ContourPlot3D[x^3 + y^2 - z^2 == 0, {x, -2, 2}, {y, -2, 2}, {z, -2, 2}]

This returns a Plots of the surface $x^2 + y^2 - z^2 = 0$:

Surface.

Now I have a function, and I would like to know how this function behaves on this surface. For example, take

f[x_,y_,z_] := {x^3 - 2 x y + z^2 x - 5 z^2 y^2 - 4 x y z, 
                Sin[10x] + Cos[5y] + Cos[20z]}

I was thinking of making a list with some of the point that lie on this surface. Then it is easy to evaluate the function on these points. The way I would like to generate the list is to click with the mouse on a few points that I think are interesting. Is that possible?

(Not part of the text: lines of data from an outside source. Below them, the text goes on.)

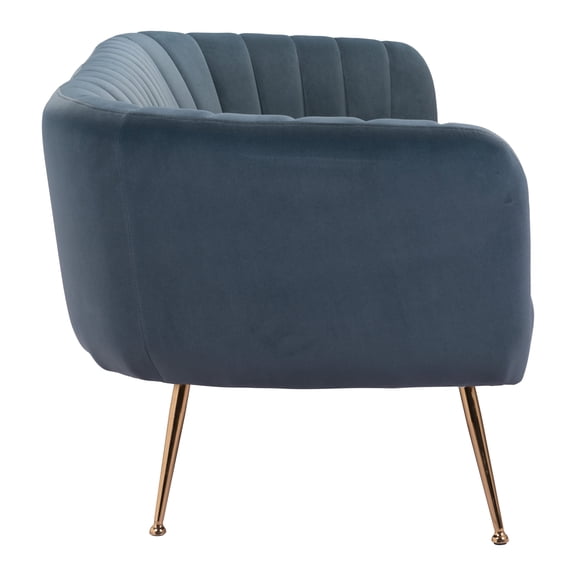 Deco Sofa Gray Sofa, Modern Style, Seats up to 3, Plywood, Indoor Living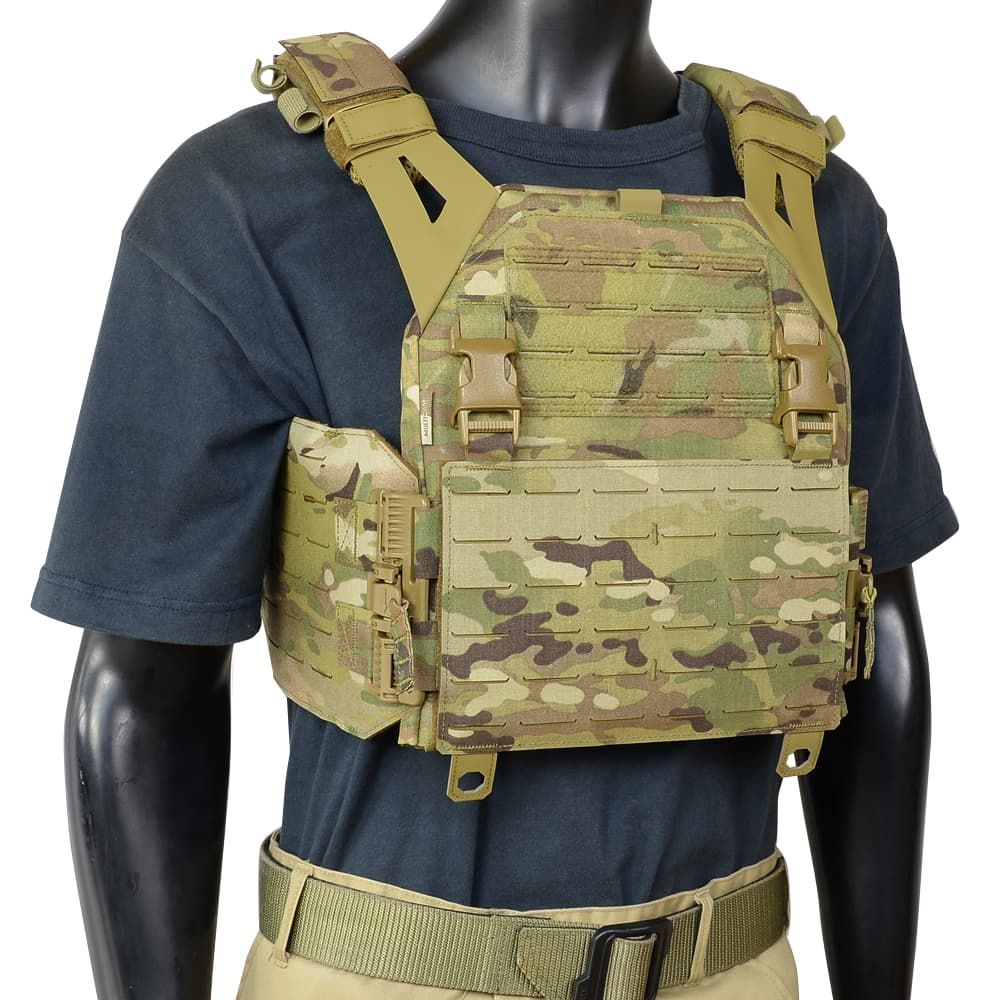 Warrior Assault Systems プレートキャリア LPC V 1 レーザーカット W-LC-LPC-V ソリッドサイド マルチカム | Mサイズ
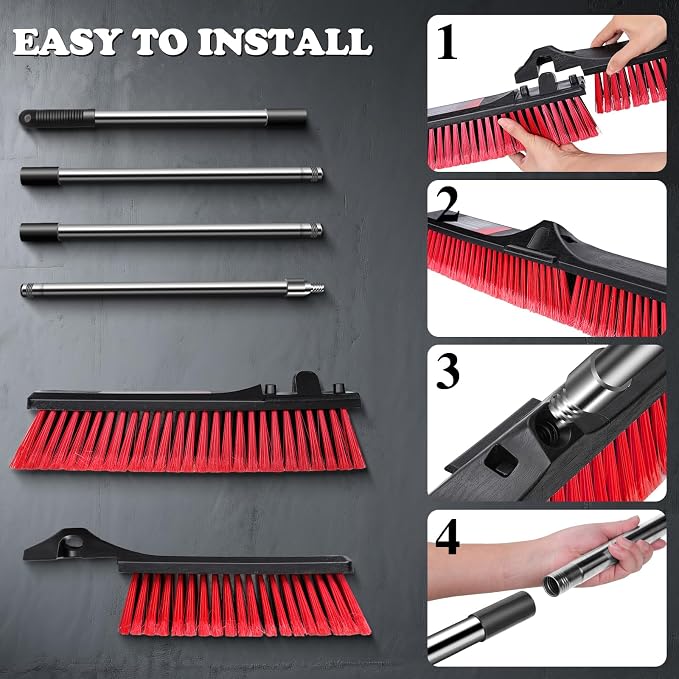Push Broom Red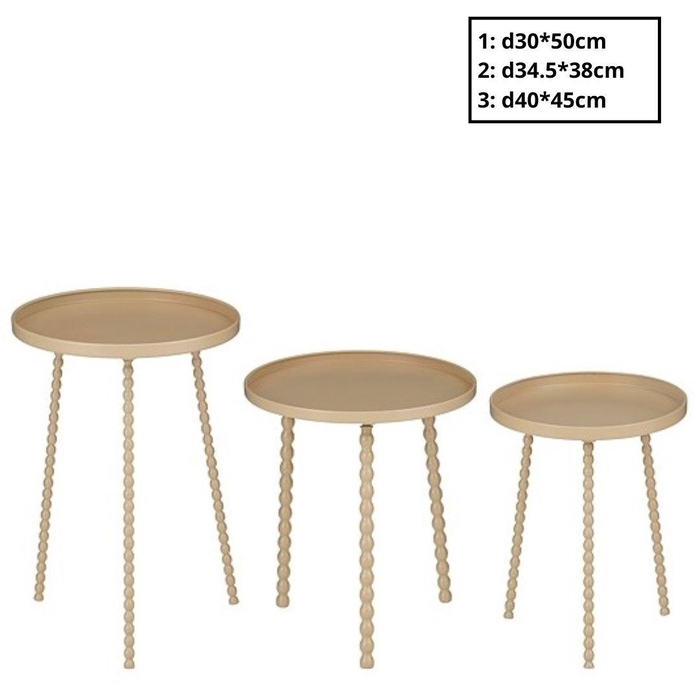 <h4>Homedeco Bijzettafel Salvo S/3 d40*45cm</h4>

What are the alternatives to using the mouse? There most be some list available with all points that were used to draw this graph. How can I take some point of that list and add them as point to the 3D plot to visualize them?

Update

The methods of Szabolcs and Heike work fine on the example $x^3 + y^2 - z^2 =0$. Now I try to apply the same to

$$ 2316 a^{12} c^6+500 a^{11} b c^5+10296 a^{10} b^2 c^4+1624 a^{10} c^5+656 a^9 b^3 c^3- \\ - 3856 a^9 b c^4+41 a^8 b^4 c^2+808 a^8 b^2 c^3+784 a^8 c^4+a^7 b^5 c+24 a^7 b^3 c^2- \\ - 176 a^7 b c^3+2 a^6 b^4 c+16 a^6 b^2 c^2+32 a^6 c^3 = 0 $$

f[a_, b_, c_] := 2 a^6 b^4 c + a^7 b^5 c + 16 a^6 b^2 c^2 + 24 a^7 b^3 c^2 
+ 41 a^8 b^4 c^2 + 32 a^6 c^3 - 176 a^7 b c^3 + 808 a^8 b^2 c^3 
+ 656 a^9 b^3 c^3 + 784 a^8 c^4 - 3856 a^9 b c^4 
+ 10296 a^10 b^2 c^4 + 1624 a^10 c^5 + 500 a^11 b c^5 + 2316 a^12 c^6
pts = {};

Substituting this function into Heike's solution does not work. Clicking does not result in points on the surface. Also Szabolcs's FindInstance does not work. What goes wrong here?

Surface 2.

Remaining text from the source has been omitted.